__Records for the exercise__:
━━━━━━━━━━━━━━━━━━━━

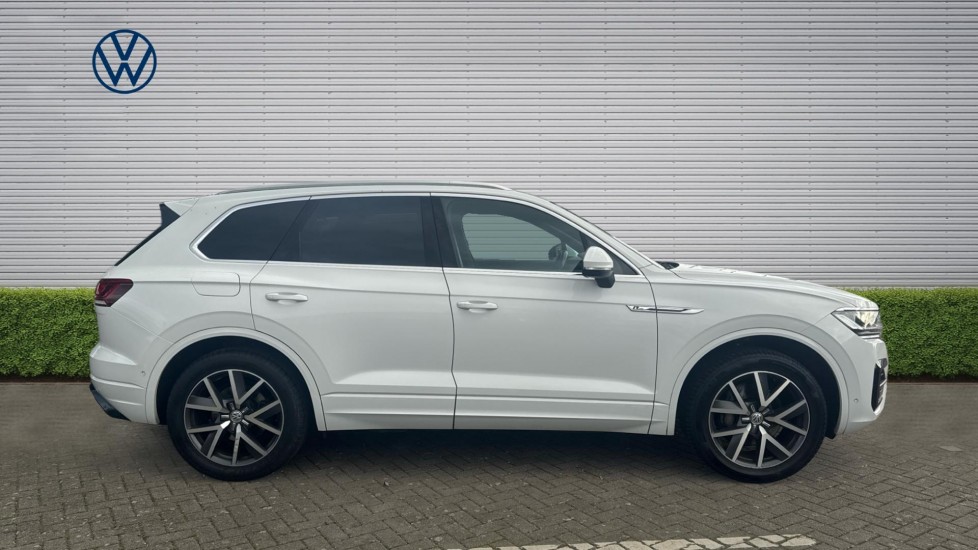 Volkswagen Touareg 3.0 V6 TDI 4Motion R-Line 5dr Tip Auto Diesel Estate - Image 4
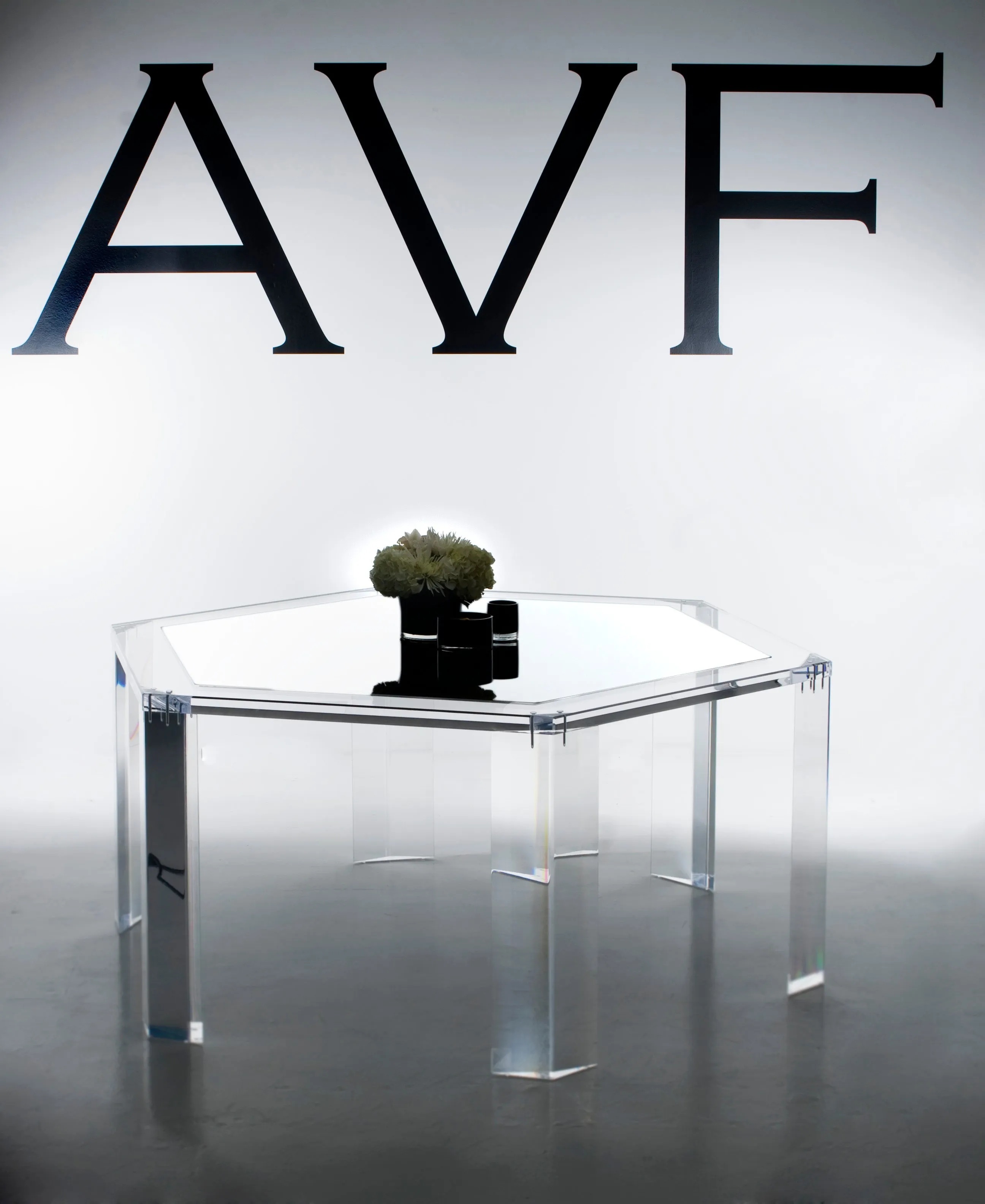 Racketeer Dining Table in Clear with Clear Insert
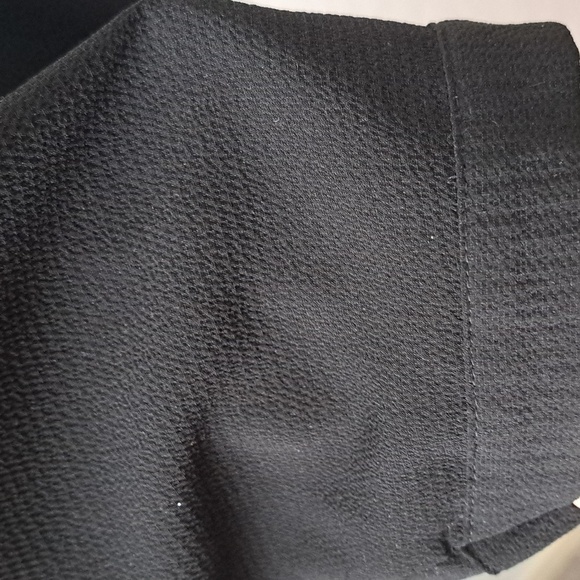 Covington Dressy Black Top With Shoulder Accents Size XLP - Picture 7 of 7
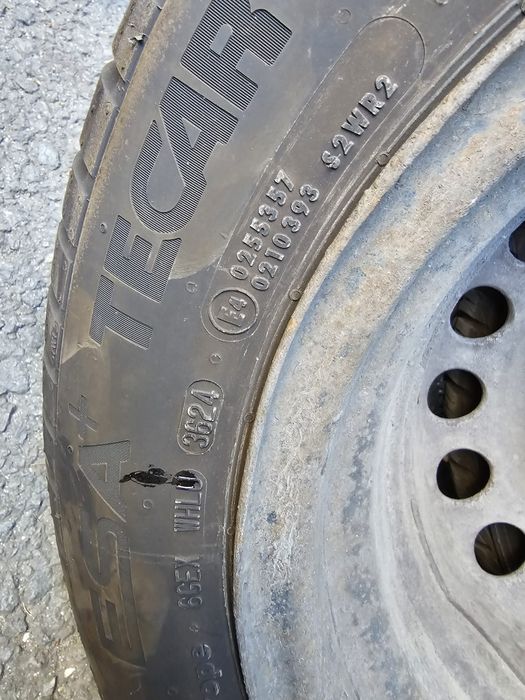 Vând patru roți jante din tablă R14 cu anvelope all season DOT 2024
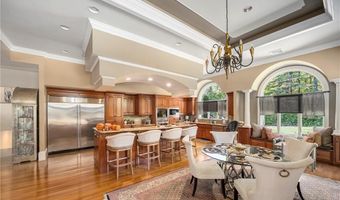 55 Wilbur Rd, Lincoln, RI 02865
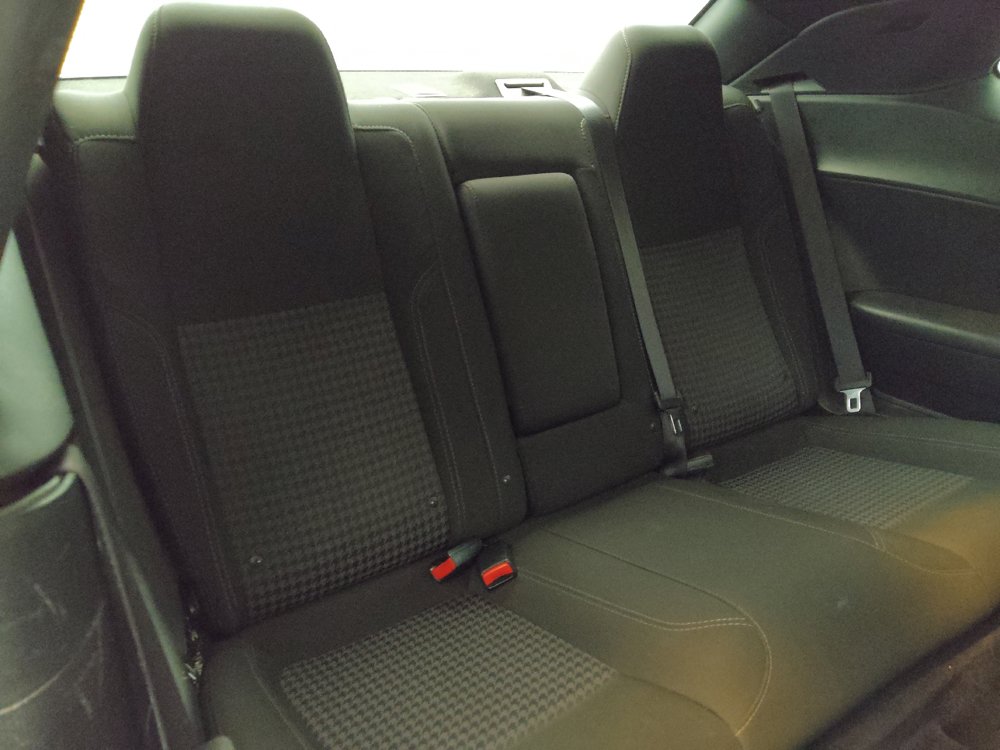 Used 2016 Dodge Challenger SXT RWD image 19
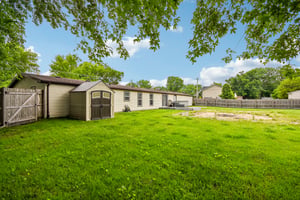 E Cermak Rd-S2305-032.jpg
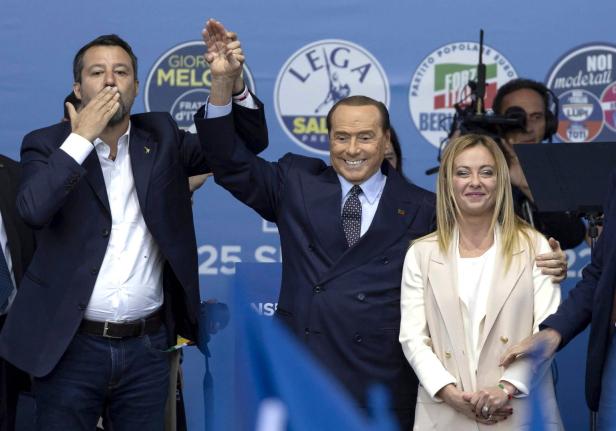 Wie Berlusconi und Salvini die neue Regierung torpedieren
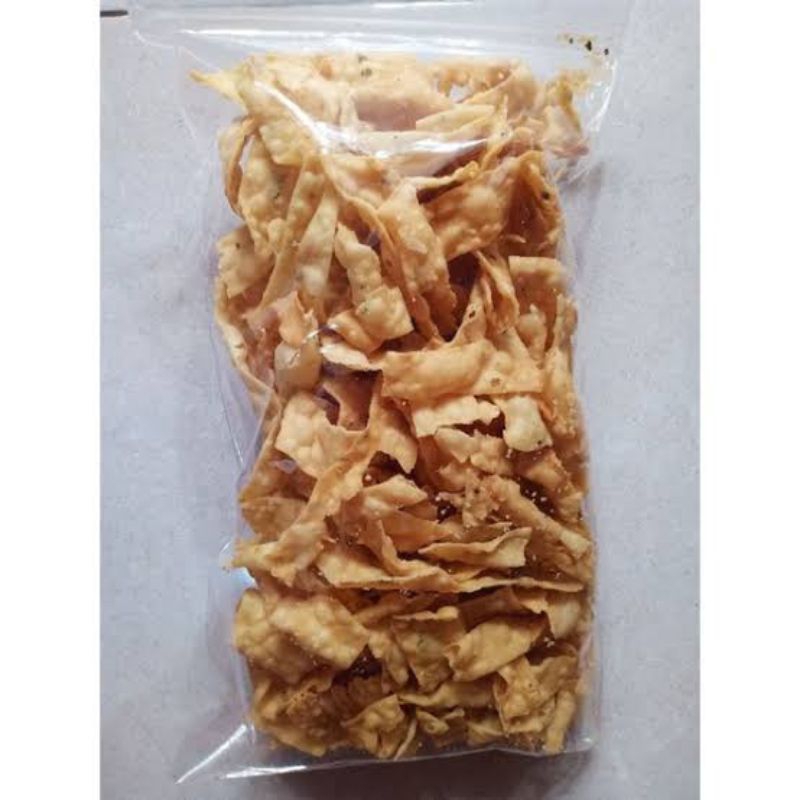 

Kue bawang/kripik bawang/kerupuk bawang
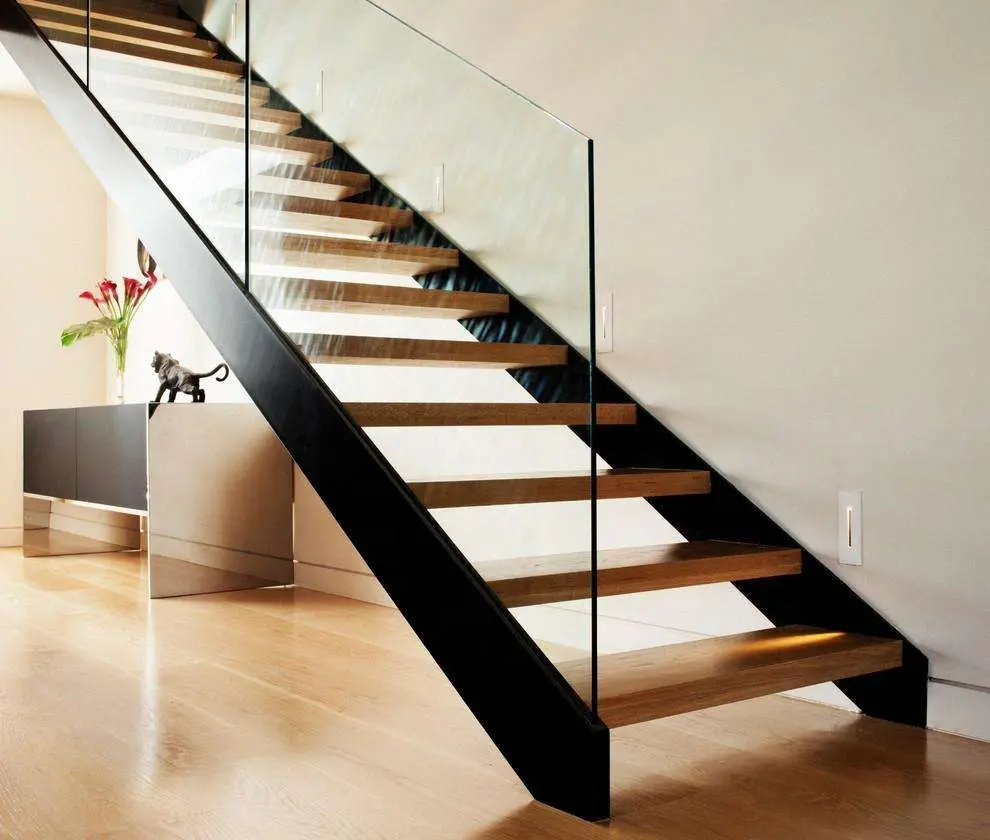 Rampe d'escalier en acier inoxydable personnalisable pour intérieur moderne Escalier droit en bois pour usage intérieur d'hôtel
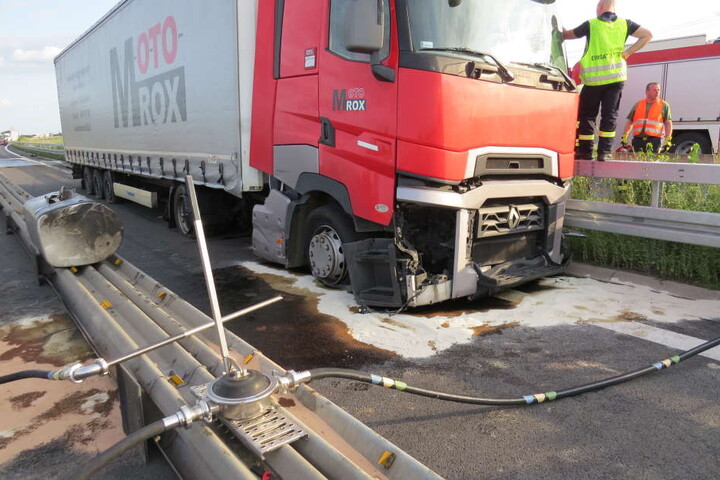 Mit Bindemitteln wurde der Diesel aufgefangen.
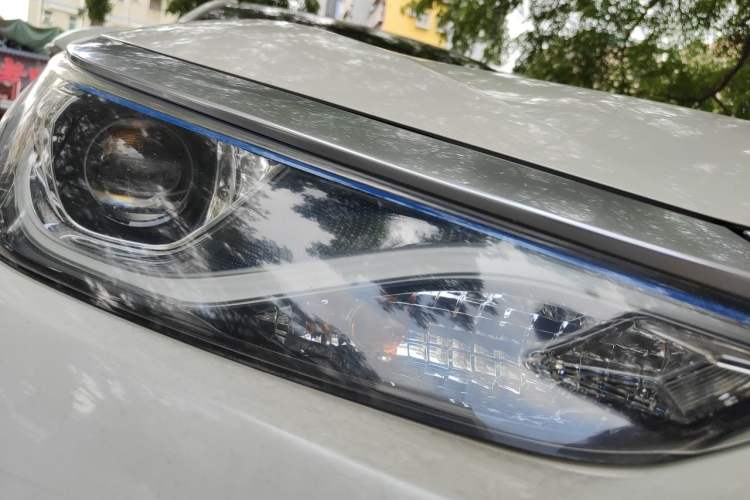 Used Toyota Levin 2016 Dual-Engine 1.8H V E-CVT Luxury Edition Right Front Headlight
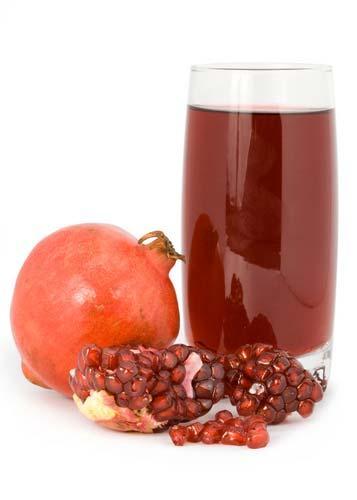 Beber jugo de granada durante el embarazo protegería al bebé del estrés materno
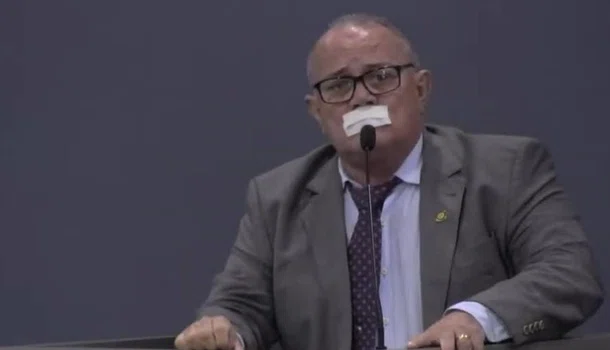 Antônio José Lira coloca esparadrapo na boca em sessão na Câmara de Teresina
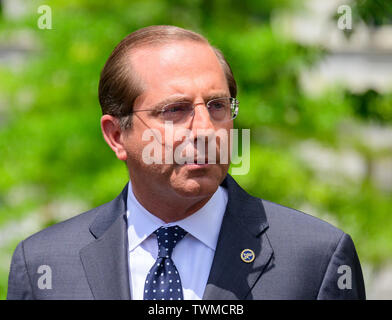 United States Secretary of Health and Human Services (HHS) Alex Azar fait une déclaration à des journalistes après une entrevue sur le Nord du réseau de l'entrée de la Maison Blanche à Washington, DC le vendredi, Juin 21, 2019. Azar a demandé au secrétaire-nous au Congrès d'adopter nous Président Donald J. Trump's package financement supplémentaire pour HHS et le ministère de la Sécurité intérieure pour répondre à la crise humanitaire sur le frontière sud. Credit : Ron Sachs/CNP /MediaPunch Banque D'Images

━━━━━━━━━━━━━━━━━━━━

__What the task requires__: Give the entries above again, exactly as written and free of images.

__Completed exercise__:
 Volkswagen Touareg 3.0 V6 TDI 4Motion R-Line 5dr Tip Auto Diesel Estate - Image 4
 Racketeer Dining Table in Clear with Clear Insert
 Covington Dressy Black Top With Shoulder Accents Size XLP - Picture 7 of 7
 Vând patru roți jante din tablă R14 cu anvelope all season DOT 2024
 55 Wilbur Rd, Lincoln, RI 02865
 Used 2016 Dodge Challenger SXT RWD image 19
 E Cermak Rd-S2305-032.jpg
 Wie Berlusconi und Salvini die neue Regierung torpedieren

Kue bawang/kripik bawang/kerupuk bawang
 Rampe d'escalier en acier inoxydable personnalisable pour intérieur moderne Escalier droit en bois pour usage intérieur d'hôtel
 Mit Bindemitteln wurde der Diesel aufgefangen.
 Used Toyota Levin 2016 Dual-Engine 1.8H V E-CVT Luxury Edition Right Front Headlight
 Beber jugo de granada durante el embarazo protegería al bebé del estrés materno
 Antônio José Lira coloca esparadrapo na boca em sessão na Câmara de Teresina
 United States Secretary of Health and Human Services (HHS) Alex Azar fait une déclaration à des journalistes après une entrevue sur le Nord du réseau de l'entrée de la Maison Blanche à Washington, DC le vendredi, Juin 21, 2019. Azar a demandé au secrétaire-nous au Congrès d'adopter nous Président Donald J. Trump's package financement supplémentaire pour HHS et le ministère de la Sécurité intérieure pour répondre à la crise humanitaire sur le frontière sud. Credit : Ron Sachs/CNP /MediaPunch Banque D'Images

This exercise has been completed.